# Why do all the dress pants seem so baggy around the thighs?



## Dolman (Feb 27, 2003)

Hey everybody-

One of the main reasons I don't have many dress pants, is that I hate how I look in them whenever I go to JC Penny's, or other local mall type stores. ALL of them seem to be quite baggy in the thigh area. ( I'm bordering on thin/athletic build [34 waist, 34 Length], and these pants are just TOO loose) 
Brands that come to mind are Haggar, etc.

I found a company in the UK, Ted Baker, that makes some stuff that looks more like what I want. 
https://www.tedbaker.com/shop.do?cID=665&pID=2769
(you can enlarge and look at different view of the pants)

They seem to be sort of low rise, tighter in the thighs, yet flared at the bottom a bit. I went to a local mens clothing stores recently and spoke with an older gentleman, and he mentioned that they just don't make them like that anymore.

My question: What are some good places here in the US that have what I'm looking for?

Thanks!
Jared


----------



## Cruiser (Jul 21, 2006)

It's like you read my mind because I have this same problem. I tired some dress pants from places like Lands End, Jos. A Bank, Lauren, etc., and it felt like I needed to take two steps to get from the back of the pants to the front.

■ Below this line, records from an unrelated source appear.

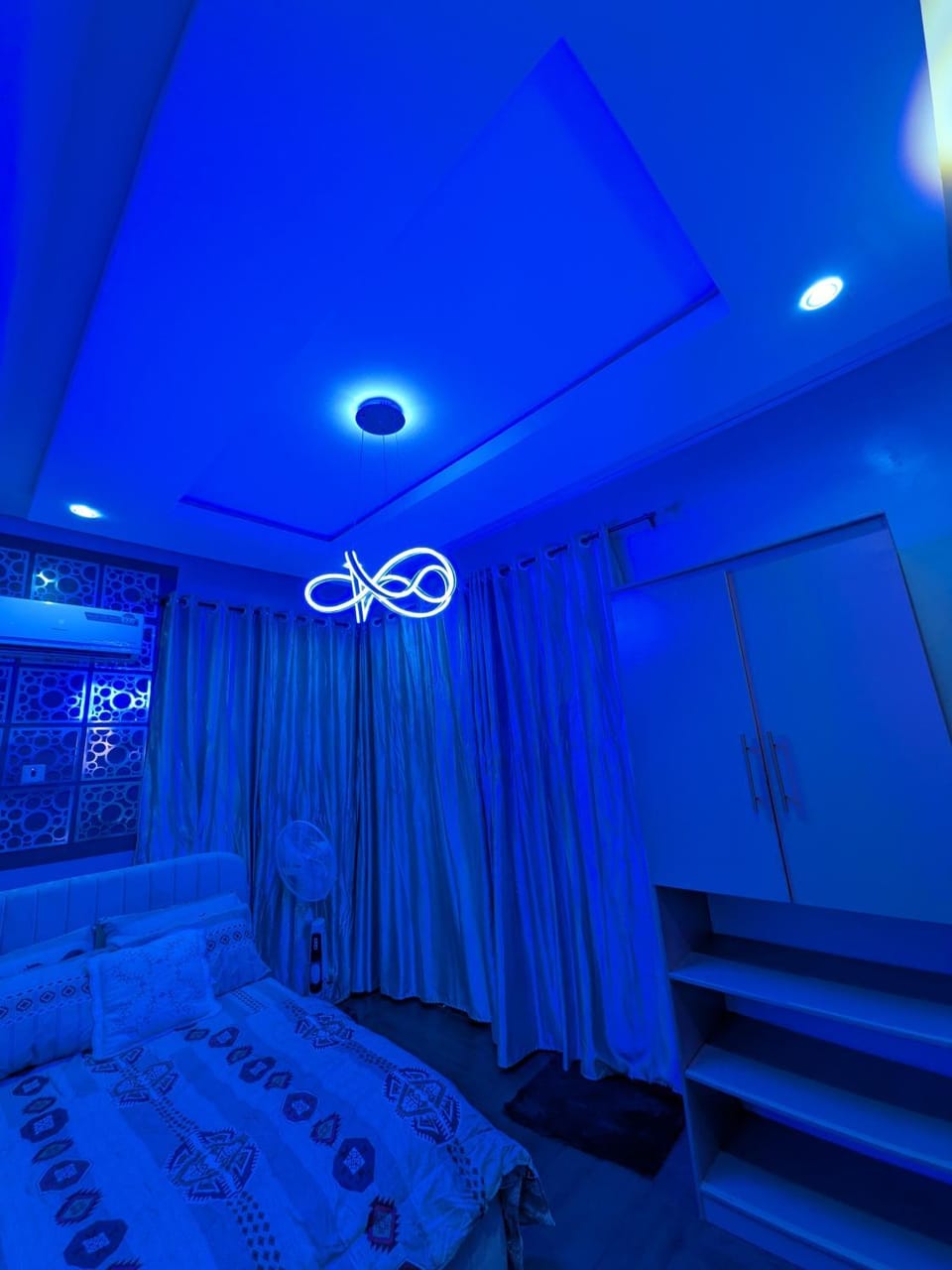 Mickeyhome Apartment in Lagos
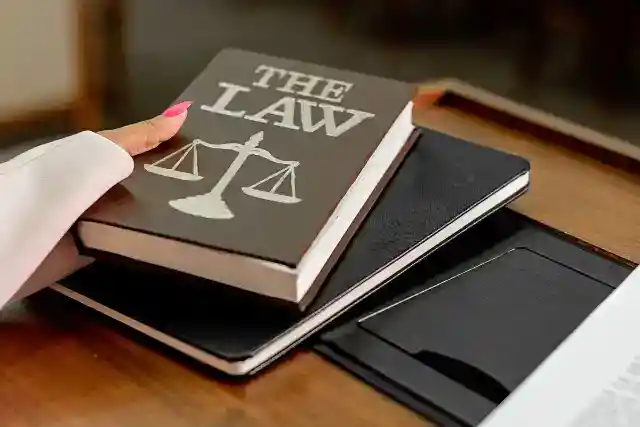Legal Battle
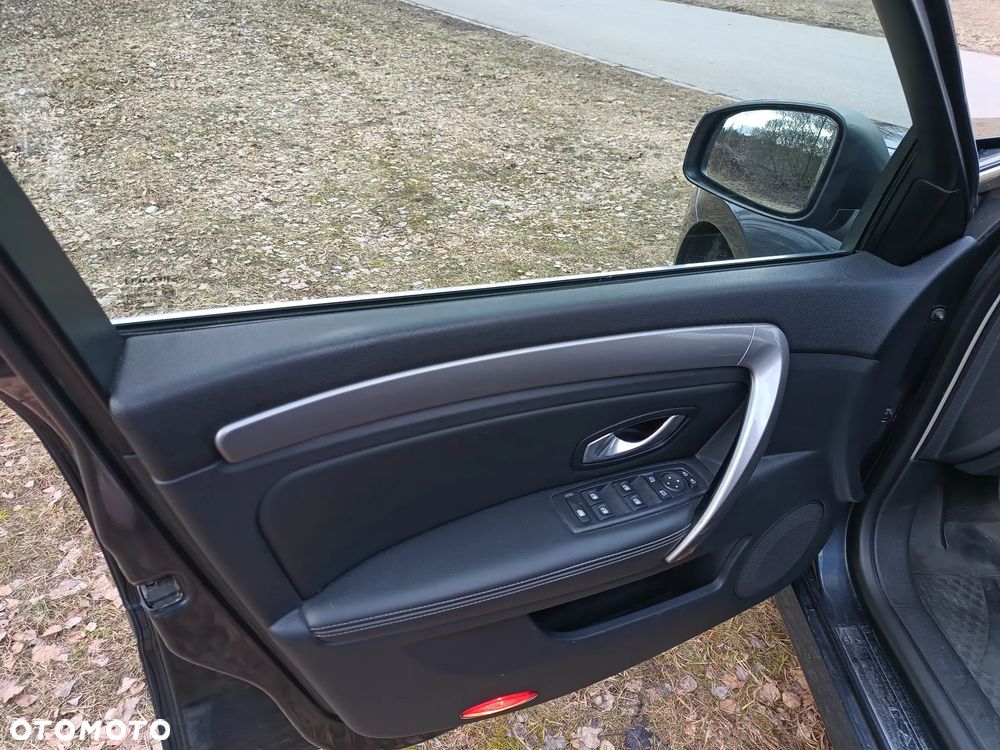 Renault Laguna - 13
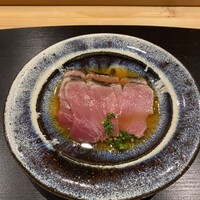 鮨 十兵衛 - 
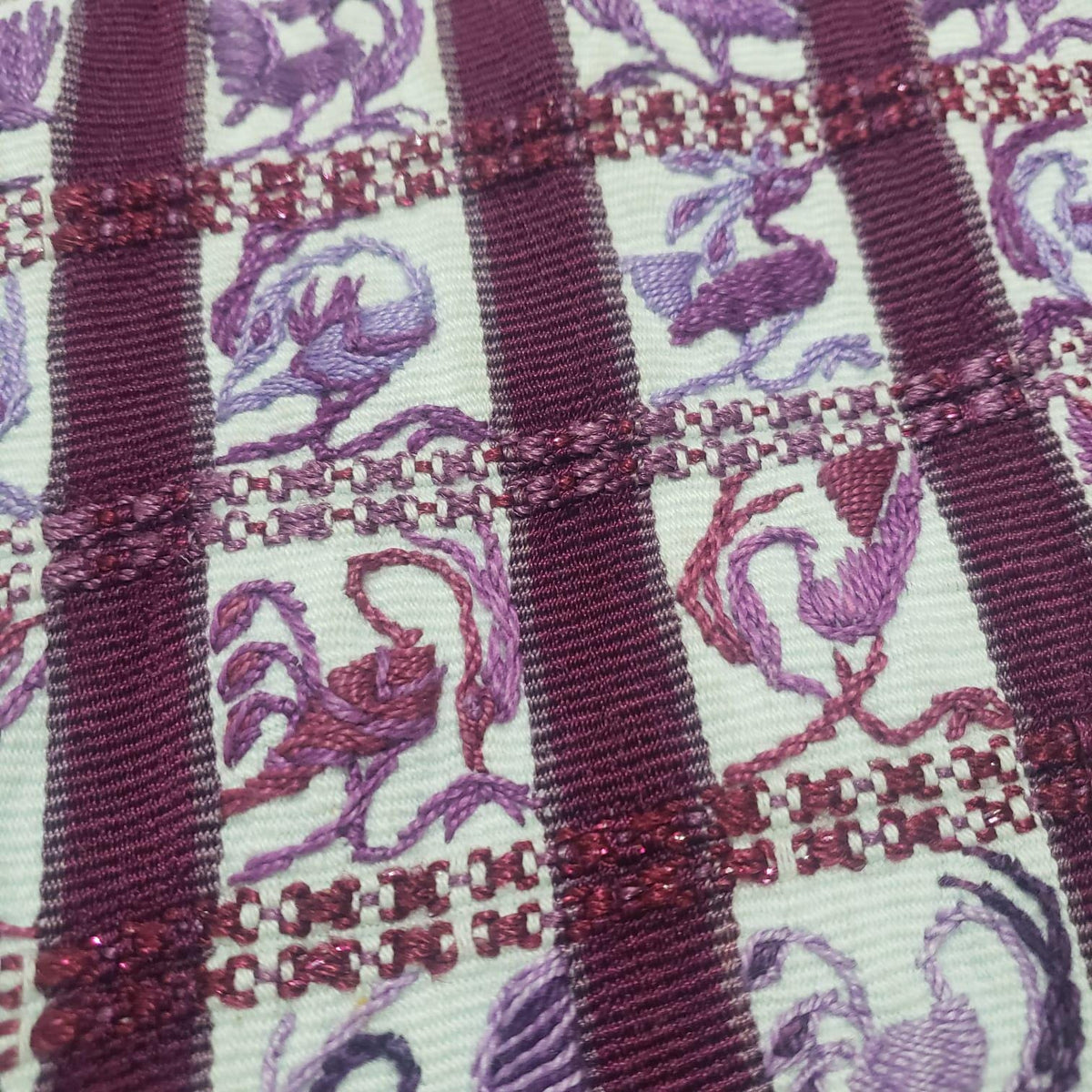 Hand Embroidered Birds Huipil, Vintage Guatemalan Tapestry Blouse, Santiago Atitlan Textile Top, Ethnic Boho Clothing, Custom Tailored Top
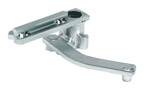 CAME A4370 - LEVIER DE TRANSMISSION POUR OUVERTURE SUPERIEURE A 110� AVEC MAX. 140�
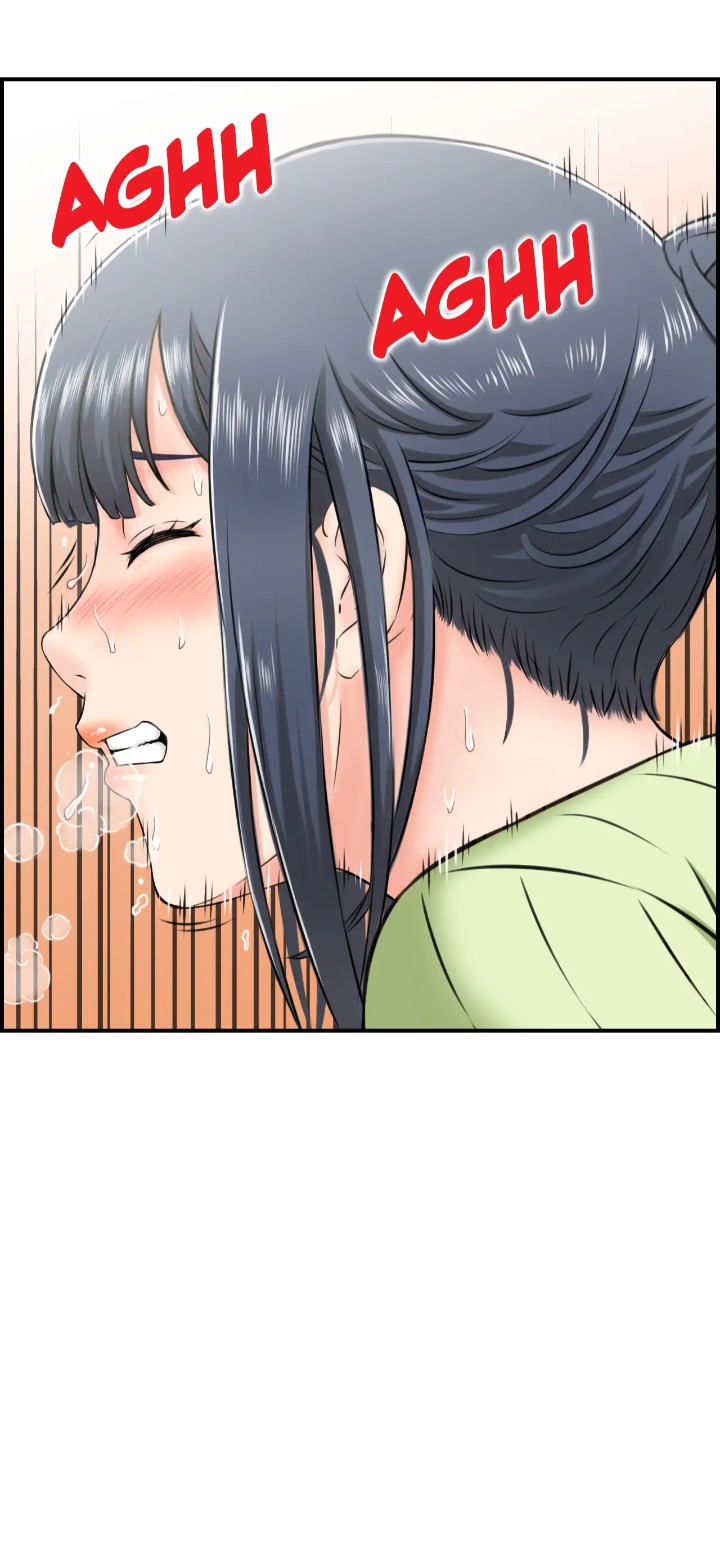 Married Woman Mania Chapter 8 - Page 32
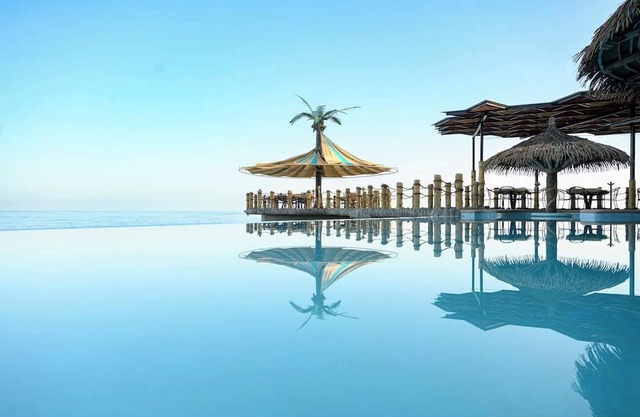 Villa Pearl | Puesta Del Sol Resort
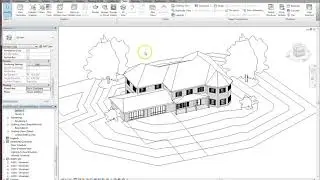 Revit Lesson 30 - Conclusion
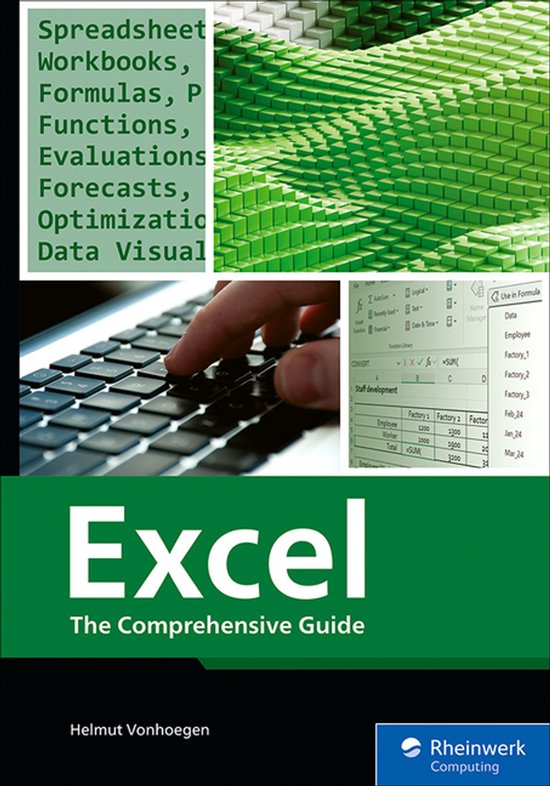 The Comprehensive Guide - cover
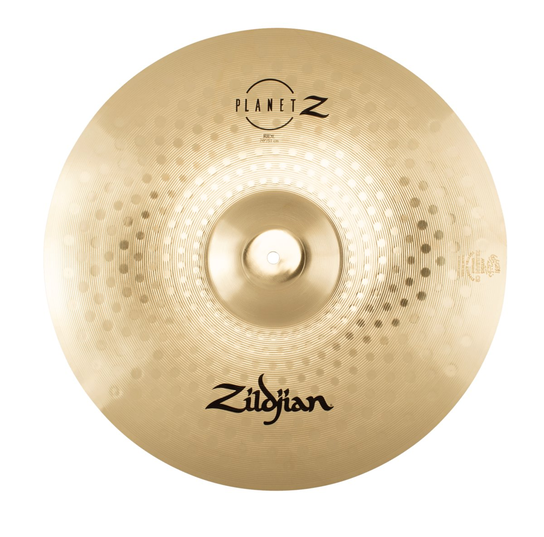 ZILDJIAN Planet Z Ride 20" ZILDJIAN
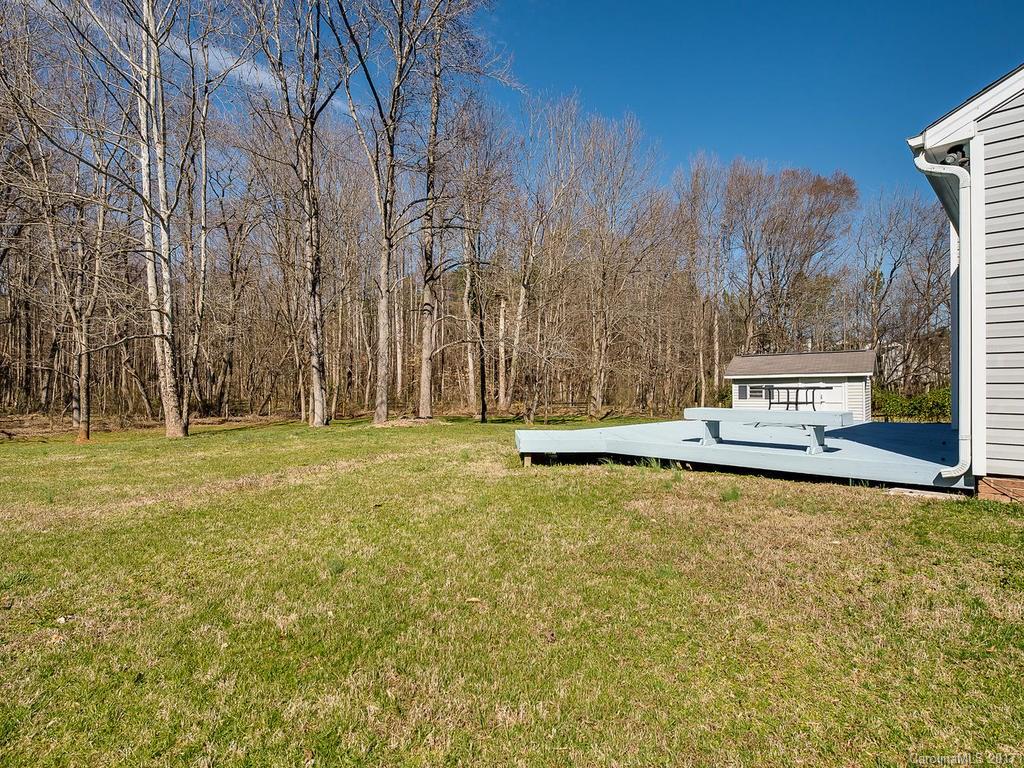 Springcroft - Residential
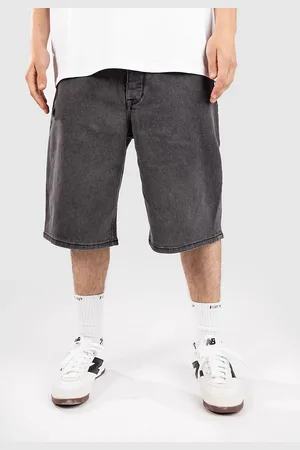 Homeboy X-Tra Baggy Denim Shorts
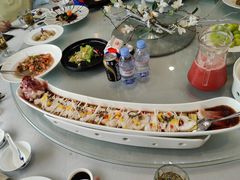 -悦隆酒店-中餐厅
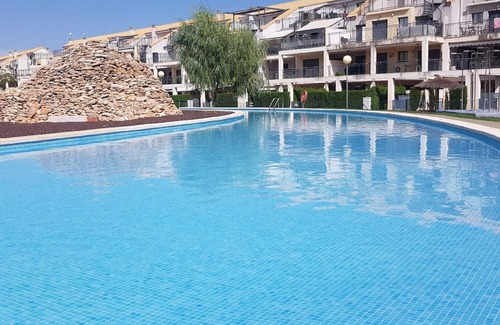 San Jorge Apartamento | Apartamento de vacaciones San Jorge para 1 - 6 personas con 2 dormitorios - Casa adosada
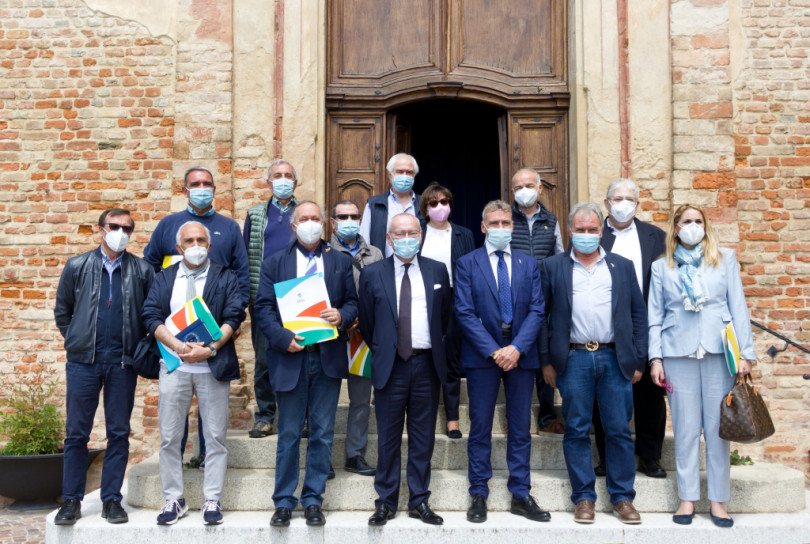 Presentata la Carta dei Servizi dei Comuni aderenti al Consorzio di Bacino Alessandrino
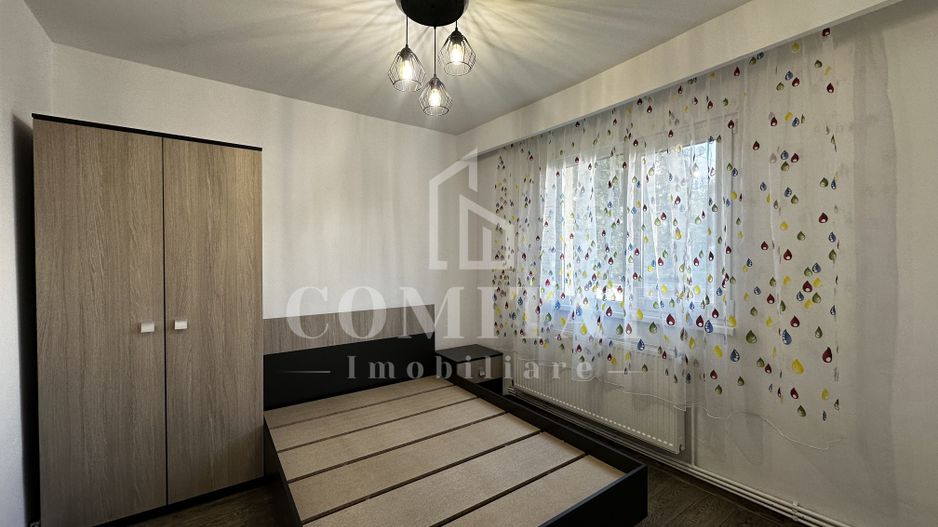 Apartament 3 camere | Etaj 1 | Zona Big Manastur - Poză 5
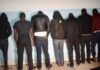 Arrestation d’une bande d’agresseurs à Dalifort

They stuck out on the sides like those riding pants that horsemen wear. I even bought some MTM pants from Ravistailor in Bangkok and that still didn't solve this problem.

What I finally started doing is just buying whatever pants I like and then spend an equal amount having them altered to fit. My tailor takes in the pants from the thigh down through the knee in addition to taking in the crotch. It's a lot of work but the pants then fit the way I like; however, you do need to find a good tailor to do this. The lady down at the corner dry cleaners won't cut it.

I guess I could just have my guy make me some pants and I may consider this if and when I need more. At age 59 and retired I may already have all that I will ever need at this point. I know some here won't understand that at all, but who knows.

Cruiser


----------



## rip (Jul 13, 2005)

Dolman said:


> Hey everybody-
> 
> One of the main reasons I don't have many dress pants, is that I hate how I look in them _whenever I go to JC Penny's, or other local mall type stores_.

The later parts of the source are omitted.